Ketua majelis hakim Sahlan Effendi SH MH didampingi Waslam Maksid SH MH memimpin persidangan di Pengadilan Negeri Tipikor Palembang kelas IA khusus. Dalam perkara dugaan tindak pidana korupsi Jalan Tol Pematang Panggang – Kayu Agung OKI tahun 2016, 2017, 2018 menelan kerugian negara Rp 5 miliar.

Kedua terdakwa A alias Pendek (47) wiraswasta, warga Desa Pedamaran 6, Kecamatan Pedamaran, OKI dan tersangka PS (48) wiraswata, tersangka juga tersandung kasus narkoba di Polres OKI, dan narapidana di Lapas Kayu Agung.  Warga Desa Kebon 4, Merak 11, Kecamatan Kota Bumi, Lampung juga dihadirkan langsung dipersidangan.

Saksi Sekda Kabupaten OKI, MH saat itu selaku Ketua Tim Penyelesaian Sengketa dan Ketua Tim Persiapan Proyek Nasional Jalan Tol Kayu Agung – Pematang Panggang, mengatakan kepada majelis hakim, bahwa sewaktu mediasi pertama sudah ditolak karena lahan HGU, namun

Perusahaan tetap meminta mediasi dengan memberi uang kerahiman kepada masyarakat. Proses racikan penerima ganti rugi sendiri, oleh tim pelaksana ganti rugi ketuanya kepala ATR BPN, saksi mengaku hanya sebatas tim persiapan, karena ini program startegis nasional.

“Siapa yang mengelola sistem ini, itu  kesalahannya, itu masalahnya.

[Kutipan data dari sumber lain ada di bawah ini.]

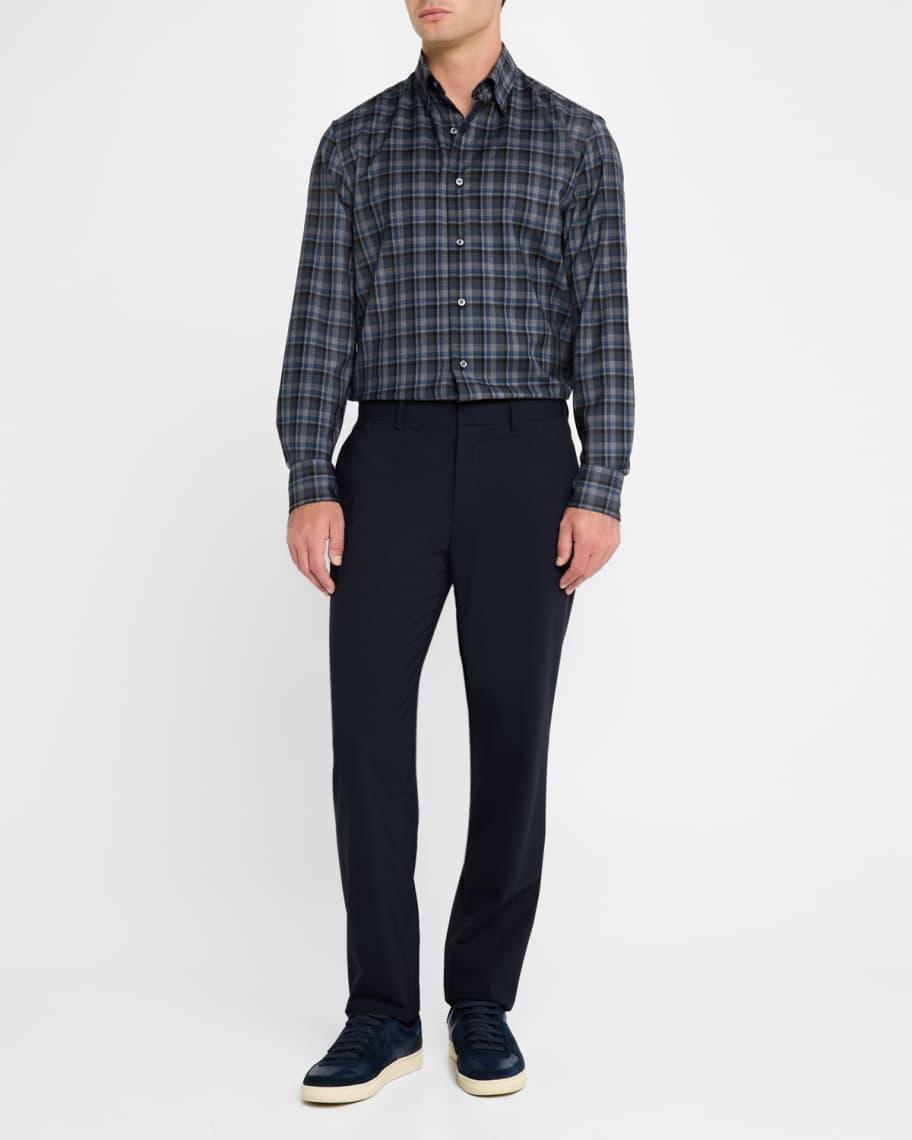 Mens Wool Check Casual Button-Down Shirt Product Image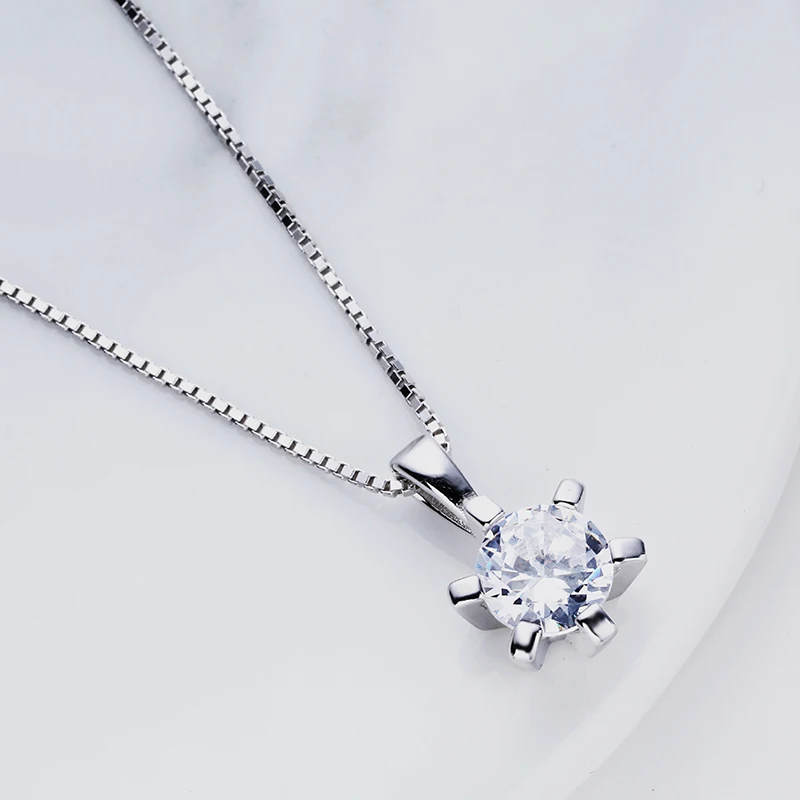 Fashionable long necklace silver 925 jewelry snowflake shape statement choker necklaces gift for family ZPS01595 | Украшения и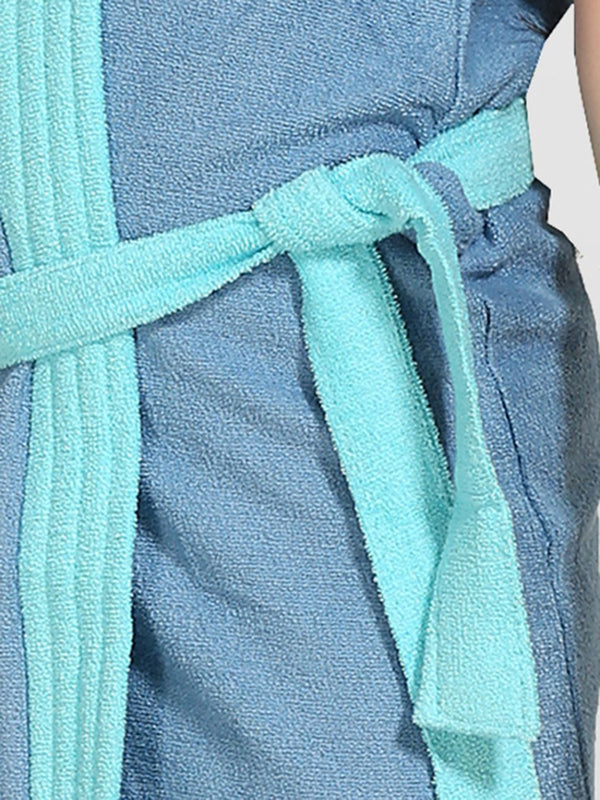 Be You Two-Tone Blue Solid Cotton Drawstring Knee Length Bath Robe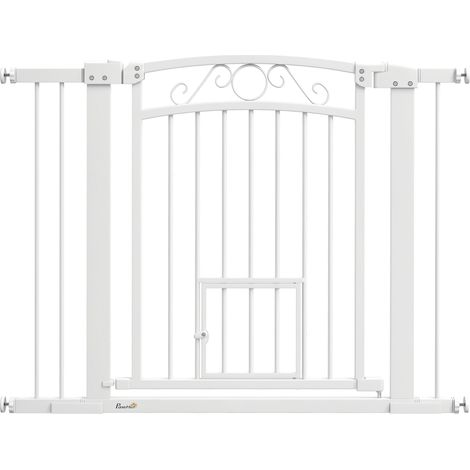 Cancello sicurezza cane indoor, con 2 estensioni 76-104 cm e gattaiola, per corridoi e scale, 77 cm alto, bianco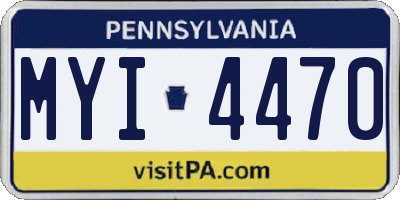 PA license plate MYI4470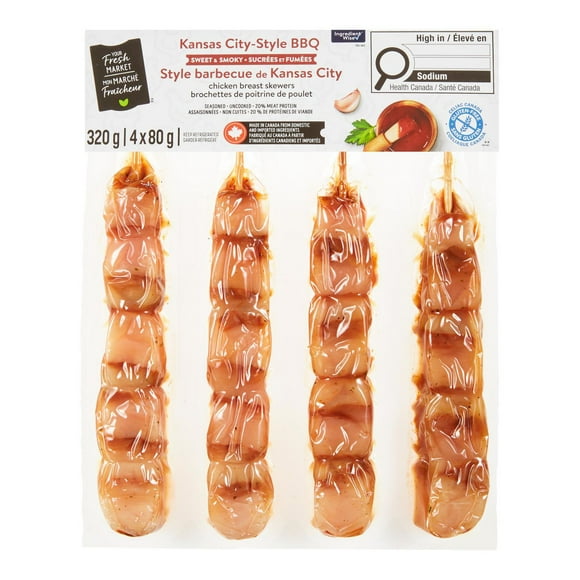 Your Fresh Market Kansas City-Style BBQ Chicken Breast Skewers, 4 x 80 g pieces, 320 g total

Siapa yang menentukan lahan – lahan itu orang yang diuntungkan,” cetus Sahlan.

Saksi mengajukan permohonan pembayaran dengan mengeluarkan surat, atas dasar mediasi, antara masyarakat dan PT Rambang Agro Jaya (perkebunan sawit).

Sebagai ketua Tim, saksi mengatakan kalau ada kesepakatan, maka harus ada produk, persil 456 ada pernyataan dari PT Rambang Agro Jaya bahwasanya itu diluar HGU, maka dikembalikan ke masyarakat.

“Persil 454 dari tim itu tanah HGU milik perusahaan, pak P sebagai ketua melapor ke saya, saya akui dampak psikologis waktu itu. Ada penjelasan pak P ini sudah ada kesepakatan antara pihak A dengan PT Rambang, namun tidak melihat secara tertulis,” Sekda OKI.

“Tapi kenapa di dalam surat itu sudah menentukan, ada permohonan yang menjadi bagian PT Rambang itu 60 persen uangnya Rp 548 juta. Sementara itu bagian masyarakat warga 40 persen uangnya Rp 389 juta, atas dasar apa saudara saksi menandatangani surat itu?, baik ternyata saksi tidak melihat secara tertulis, hanya mendengar penjelasan dan secara fakta ada surat perdamaian,” cetus Waslam Maksid.

“Pertayaan terakhir kepada Sekda, dengan adanya perdamaian di persil 454, persil 456, antara PT Rambang dengan warga. Selaku ketua tim penyelesaian sengketa atau Sekda dan ketua tim persiapan, apakah saudara mendapatkan pemberian uang?,” cetus Waslam.

“Sumpah demi Allah swt tidak, satu peser pun saya tidak pernah menerima uang. Setelah dan sampai sekarang tidak sama sekali, saya tersiksa secara moral, akibat ini unjuk rasa di mana – mana,” kata Husin.

Kuasa hukum terdakwa Supendi SH MH melayangkan pertayaan, dari ketiga persil ini yang yang menjadi masalah yang mana?

“Semula itu persil 456 klaim rombongan PS itu, belum diganti rugi. Setelah mediasi, ada pengajuan dari perusahan itu diluar HGU PT Rambang Agrojaya. yang mengklaim masyarakat, kalau tidak salah ada dalam rapat untuk tim teknis. Persil 456 klaim Pete Subur itu masalahnya sudah mediasi bukan HGU,” kata Saksi.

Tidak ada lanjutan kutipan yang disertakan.